Saved entries:
- - -

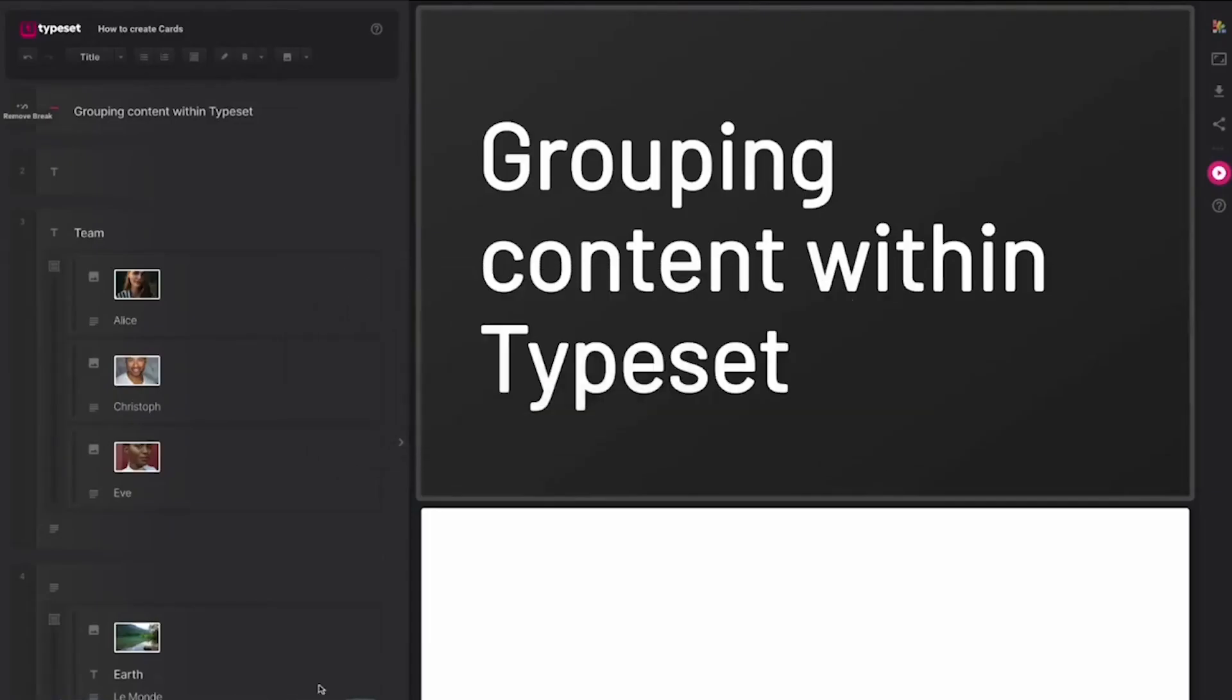Today we are going to look at grouped content within Typeset to understand why it makes it super easy to manage your content on slides.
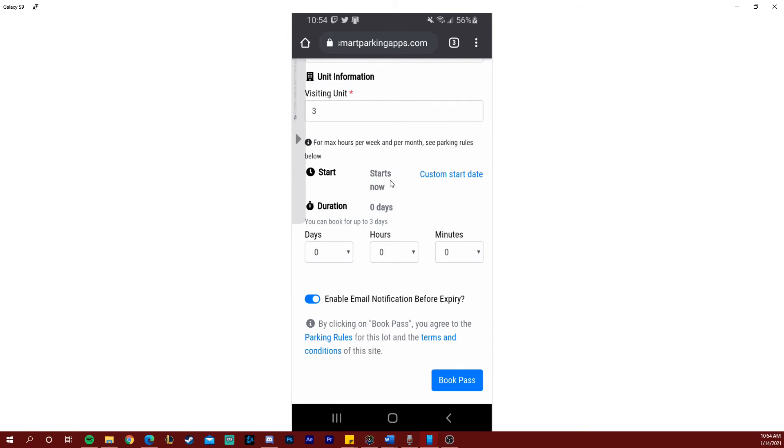Once that information has been filled out an extension to the form will appear which will let you select the duration of your pass. By default the system assumes that you're obtaining a pass that starts now and you simply need to select the duration from this point. You can also select a custom start date because some lots have the option to book in advance.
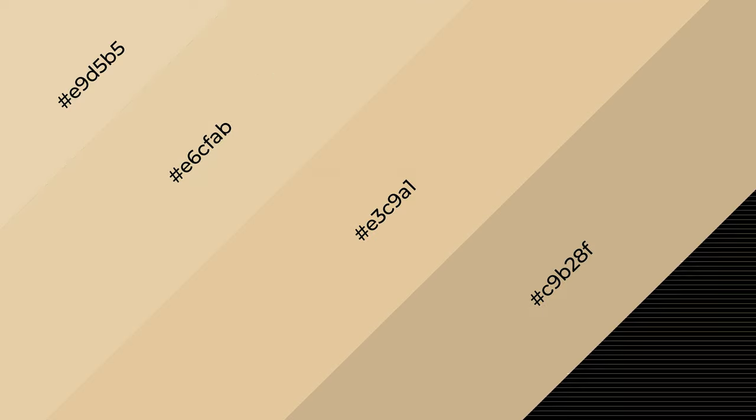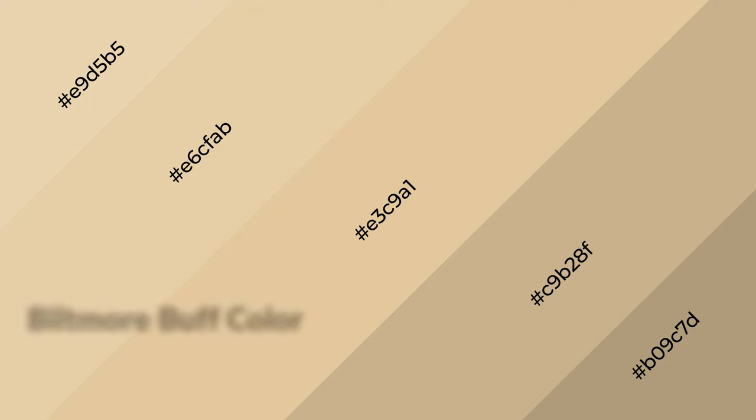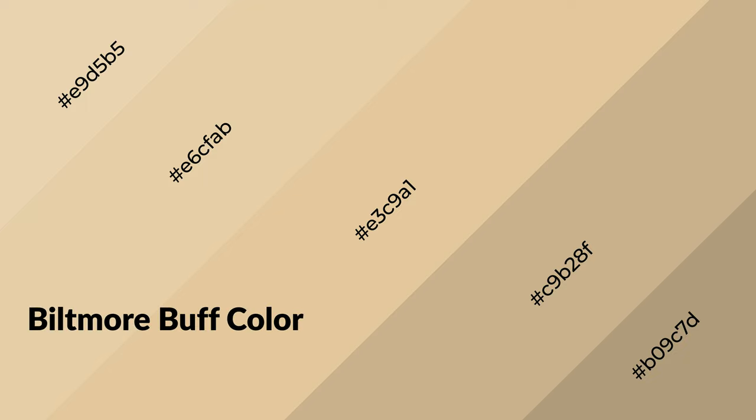3D effects, layers and shades create depth and drama. Biltmore Buff is a warm color, and it emits cozier and active emotion.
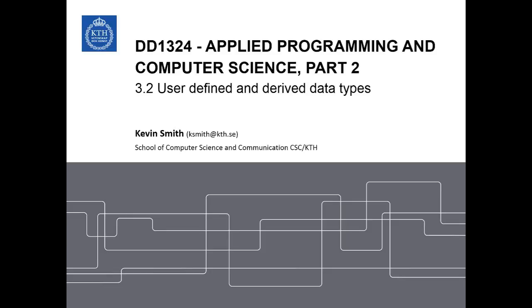Welcome to the DD1324 online lectures. In this lesson, we will learn about user-defined and derived data types.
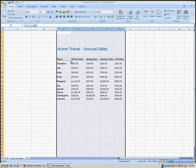In this example, we're tracking a 10-person sales team and this report shows their annual sales divided by the four seasons of the year. So if we wanted to sort this data a number of ways, we could do so very simply.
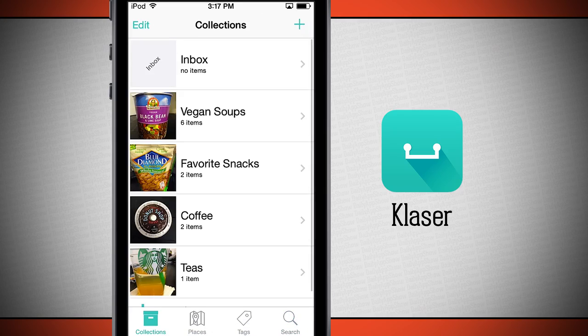So once again, this application is called Claeser. If you like it, be sure and pick it up in the App Store today.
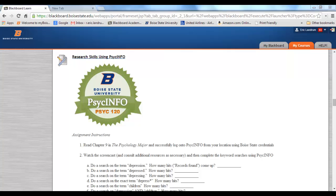Hello and welcome to the Psych120 screencast about research skills using PsychInfo. My name is Dr. Eric Landrum from the Department of Psychology at Boise State University, and this is the Psych120 badge or assignment about a very important skill for your future as an undergraduate psychology major: being able to use the PsychInfo database.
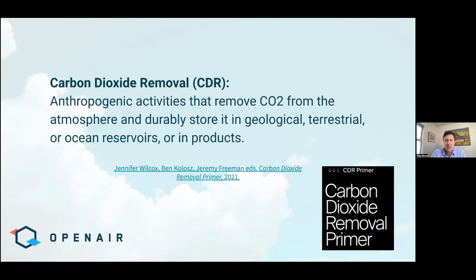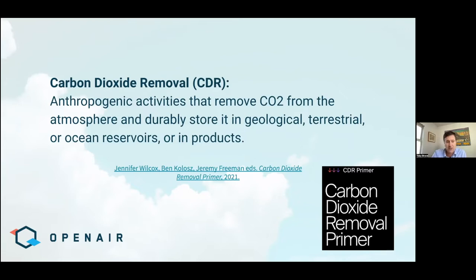Before we get started, we think it's important to really define the terms we're talking about when we talk about carbon removal. This definition is from a great resource called the CDR Primer, which is basically a textbook for carbon removal and was just issued in hardcover. It's also essentially the same definition that the IPCC uses: purposeful human activity to remove CO2 from the atmosphere and durably store it in geological, terrestrial, or ocean reservoirs, or in long-lived products. Two important points to call out when we talk about CDR.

- - -

- _Problem_
Using the data above, retype exactly and only the lines from the one containing "In this example, we're" up to and including the one containing "So once again, this", with no pictures carried over.

- _Answer box_
In this example, we're tracking a 10-person sales team and this report shows their annual sales divided by the four seasons of the year. So if we wanted to sort this data a number of ways, we could do so very simply.
So once again, this application is called Claeser. If you like it, be sure and pick it up in the App Store today.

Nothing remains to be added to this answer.